#### Data for the task
━━━━━━━━━━━━━━━━
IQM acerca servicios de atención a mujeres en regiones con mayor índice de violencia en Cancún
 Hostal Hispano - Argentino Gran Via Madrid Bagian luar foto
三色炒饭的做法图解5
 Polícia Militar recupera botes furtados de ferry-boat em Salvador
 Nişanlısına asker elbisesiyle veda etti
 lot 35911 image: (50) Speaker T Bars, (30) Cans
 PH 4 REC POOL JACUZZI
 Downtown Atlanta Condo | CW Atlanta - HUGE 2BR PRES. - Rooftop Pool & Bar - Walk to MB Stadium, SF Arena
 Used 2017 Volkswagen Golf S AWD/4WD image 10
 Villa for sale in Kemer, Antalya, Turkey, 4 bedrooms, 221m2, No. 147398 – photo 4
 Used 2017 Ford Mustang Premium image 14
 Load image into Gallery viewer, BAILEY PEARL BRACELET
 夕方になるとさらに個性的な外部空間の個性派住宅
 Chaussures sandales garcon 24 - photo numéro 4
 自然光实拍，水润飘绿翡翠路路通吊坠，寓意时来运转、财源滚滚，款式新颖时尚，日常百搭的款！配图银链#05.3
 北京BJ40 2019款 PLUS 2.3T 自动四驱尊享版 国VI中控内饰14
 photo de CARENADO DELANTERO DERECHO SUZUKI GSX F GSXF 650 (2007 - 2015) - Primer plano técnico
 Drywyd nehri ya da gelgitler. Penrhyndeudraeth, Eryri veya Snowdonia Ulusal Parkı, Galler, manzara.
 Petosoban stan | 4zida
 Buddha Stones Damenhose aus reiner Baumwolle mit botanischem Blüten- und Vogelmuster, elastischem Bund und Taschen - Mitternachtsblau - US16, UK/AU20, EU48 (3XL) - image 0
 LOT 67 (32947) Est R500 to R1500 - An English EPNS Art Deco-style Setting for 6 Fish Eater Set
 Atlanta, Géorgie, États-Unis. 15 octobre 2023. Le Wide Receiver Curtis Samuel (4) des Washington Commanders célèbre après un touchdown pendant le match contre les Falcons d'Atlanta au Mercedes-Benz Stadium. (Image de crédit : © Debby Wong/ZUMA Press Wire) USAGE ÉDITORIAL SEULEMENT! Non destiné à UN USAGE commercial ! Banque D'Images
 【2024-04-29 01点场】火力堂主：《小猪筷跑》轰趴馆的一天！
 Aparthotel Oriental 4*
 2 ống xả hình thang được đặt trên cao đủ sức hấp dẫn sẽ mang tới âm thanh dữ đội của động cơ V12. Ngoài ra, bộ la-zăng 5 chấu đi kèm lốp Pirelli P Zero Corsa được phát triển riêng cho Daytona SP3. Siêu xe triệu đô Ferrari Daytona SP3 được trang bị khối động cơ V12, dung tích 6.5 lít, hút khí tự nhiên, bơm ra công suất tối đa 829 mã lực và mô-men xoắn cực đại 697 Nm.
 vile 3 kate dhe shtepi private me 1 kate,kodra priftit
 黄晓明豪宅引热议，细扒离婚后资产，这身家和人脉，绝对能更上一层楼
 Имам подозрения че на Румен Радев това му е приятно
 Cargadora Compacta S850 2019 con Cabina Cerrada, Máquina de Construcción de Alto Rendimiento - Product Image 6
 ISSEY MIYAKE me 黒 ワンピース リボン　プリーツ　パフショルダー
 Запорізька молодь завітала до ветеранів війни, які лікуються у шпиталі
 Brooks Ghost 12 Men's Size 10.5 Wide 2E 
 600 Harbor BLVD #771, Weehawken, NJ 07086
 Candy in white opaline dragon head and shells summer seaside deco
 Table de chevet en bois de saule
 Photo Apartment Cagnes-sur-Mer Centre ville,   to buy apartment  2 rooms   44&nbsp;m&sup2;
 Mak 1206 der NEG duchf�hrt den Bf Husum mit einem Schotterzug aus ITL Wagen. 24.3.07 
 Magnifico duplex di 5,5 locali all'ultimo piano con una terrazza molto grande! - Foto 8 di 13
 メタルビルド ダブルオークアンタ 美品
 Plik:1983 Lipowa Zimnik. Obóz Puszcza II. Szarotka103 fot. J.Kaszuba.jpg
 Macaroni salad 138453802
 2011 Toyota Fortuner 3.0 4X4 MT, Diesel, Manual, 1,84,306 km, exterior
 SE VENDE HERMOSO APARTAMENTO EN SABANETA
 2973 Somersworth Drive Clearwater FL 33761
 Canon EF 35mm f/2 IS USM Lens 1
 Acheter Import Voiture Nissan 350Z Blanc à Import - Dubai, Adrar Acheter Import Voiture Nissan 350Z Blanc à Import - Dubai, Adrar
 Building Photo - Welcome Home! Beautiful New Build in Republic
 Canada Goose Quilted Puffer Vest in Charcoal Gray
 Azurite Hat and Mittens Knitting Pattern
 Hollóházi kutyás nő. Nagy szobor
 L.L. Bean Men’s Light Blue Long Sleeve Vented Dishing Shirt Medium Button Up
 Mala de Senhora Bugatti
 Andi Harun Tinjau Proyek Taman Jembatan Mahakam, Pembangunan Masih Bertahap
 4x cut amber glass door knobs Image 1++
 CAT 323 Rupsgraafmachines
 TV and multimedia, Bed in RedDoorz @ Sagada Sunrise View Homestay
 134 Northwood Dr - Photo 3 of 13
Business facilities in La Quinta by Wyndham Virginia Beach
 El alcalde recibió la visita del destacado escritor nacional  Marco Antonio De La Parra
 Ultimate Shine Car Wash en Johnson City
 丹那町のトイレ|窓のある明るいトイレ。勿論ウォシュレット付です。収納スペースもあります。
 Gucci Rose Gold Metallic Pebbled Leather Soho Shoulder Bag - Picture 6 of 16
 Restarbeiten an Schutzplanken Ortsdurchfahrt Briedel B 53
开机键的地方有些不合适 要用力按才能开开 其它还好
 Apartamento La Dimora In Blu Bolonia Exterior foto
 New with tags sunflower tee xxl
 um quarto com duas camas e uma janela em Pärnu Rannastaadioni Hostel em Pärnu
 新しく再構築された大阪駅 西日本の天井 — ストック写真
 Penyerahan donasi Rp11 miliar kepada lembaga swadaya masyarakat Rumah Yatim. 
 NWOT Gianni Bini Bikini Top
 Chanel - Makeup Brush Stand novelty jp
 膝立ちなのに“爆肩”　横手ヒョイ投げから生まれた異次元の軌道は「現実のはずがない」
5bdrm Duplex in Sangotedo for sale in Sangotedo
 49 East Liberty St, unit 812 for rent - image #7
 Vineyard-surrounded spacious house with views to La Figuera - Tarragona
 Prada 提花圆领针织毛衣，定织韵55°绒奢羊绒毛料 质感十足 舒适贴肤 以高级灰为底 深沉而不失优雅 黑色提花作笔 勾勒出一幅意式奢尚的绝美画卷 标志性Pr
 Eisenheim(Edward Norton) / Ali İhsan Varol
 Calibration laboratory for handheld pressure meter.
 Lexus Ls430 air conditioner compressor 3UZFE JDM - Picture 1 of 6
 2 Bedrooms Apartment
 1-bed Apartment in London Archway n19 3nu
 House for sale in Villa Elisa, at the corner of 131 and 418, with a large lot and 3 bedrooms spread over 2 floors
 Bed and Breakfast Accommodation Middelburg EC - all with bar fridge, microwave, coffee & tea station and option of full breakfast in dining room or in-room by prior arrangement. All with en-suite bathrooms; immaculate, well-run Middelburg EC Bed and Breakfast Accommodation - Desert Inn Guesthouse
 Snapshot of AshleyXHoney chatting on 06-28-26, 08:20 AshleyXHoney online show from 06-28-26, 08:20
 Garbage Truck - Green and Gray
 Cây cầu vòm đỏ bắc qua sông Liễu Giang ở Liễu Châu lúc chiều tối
━━━━━━━━━━━━━━━━
#### What to produce
Each line above from the one with "Load image into" up to and including the one with "北京BJ40 2019款 PLUS 2.3T 自动四驱尊享版 国VI中控内饰14" must be set down exactly, and no line outside that span may appear.

#### Task answer
 Load image into Gallery viewer, BAILEY PEARL BRACELET
 夕方になるとさらに個性的な外部空間の個性派住宅
 Chaussures sandales garcon 24 - photo numéro 4
 自然光实拍，水润飘绿翡翠路路通吊坠，寓意时来运转、财源滚滚，款式新颖时尚，日常百搭的款！配图银链#05.3
 北京BJ40 2019款 PLUS 2.3T 自动四驱尊享版 国VI中控内饰14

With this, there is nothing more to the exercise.